If the goal is to construct a response action this method of representation may be quite useful. Some of the objects (or actions) represented in the net might be actually observed at the current moment (e.g., some objects might have their actual co-ordinates in space, or pointers to database records, etc.), and some immediate action related to those objects might be possible (or required). This cannot be done for objects that are only mentioned as possible rather than actual, and all one can do is to keep the information in this nearly syntactic form until such objects actually appear in the scene.

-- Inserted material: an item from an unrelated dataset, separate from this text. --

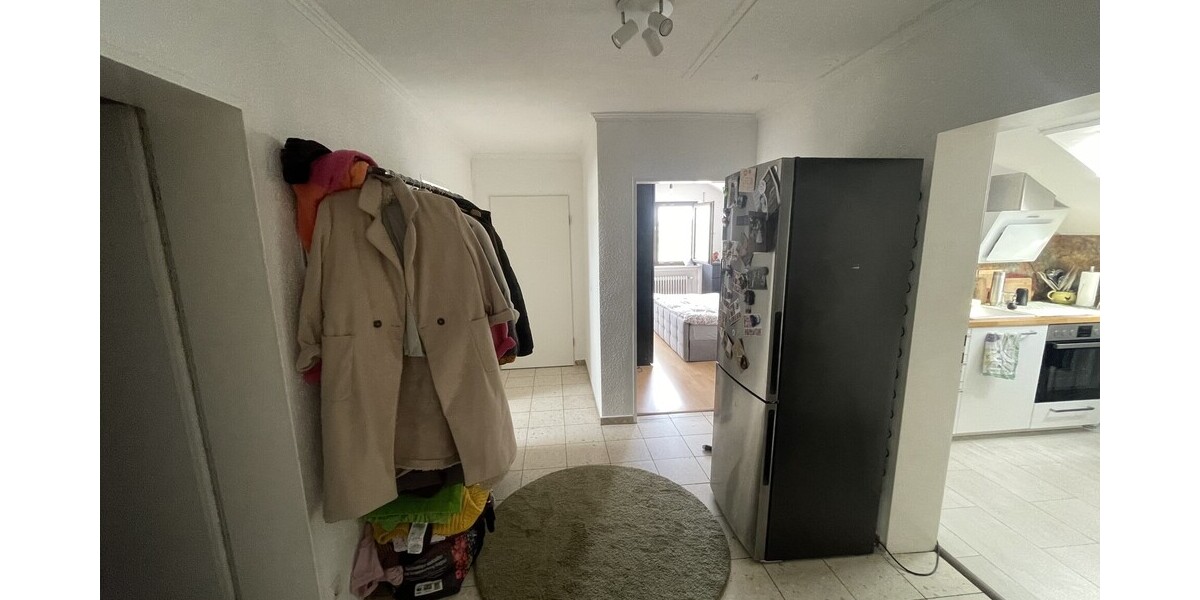 69 m² zum Wohlfühlen – Dachgeschosswohnung mit Stellplatz - Dachgeschoßwohnung Bad Honnef / Aegidienberg Aegidienberg | Angebot:27133833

It is interesting to note that a number of words in the natural language imply a comparison of several situations. E.g., the meaning of "being late" implies a situation when one comes (or does something else) in time, which is an imaginary situation but a "due" one, compared with the "actual" situation where the participants are the same but the moment of the action is different, and occupies a later position on the time scale. One of the meanings of the word "to remain" ("there were three apples, one was eaten and two remained") implies a comparison of three similar situations, one for "the whole", another for "the first part" and one more for "the remainder". Some syntactic constructs of natural languages also imply a kind of comparison. If we are going to build association nets out of such words or constructs their predefined frames should contain several situations.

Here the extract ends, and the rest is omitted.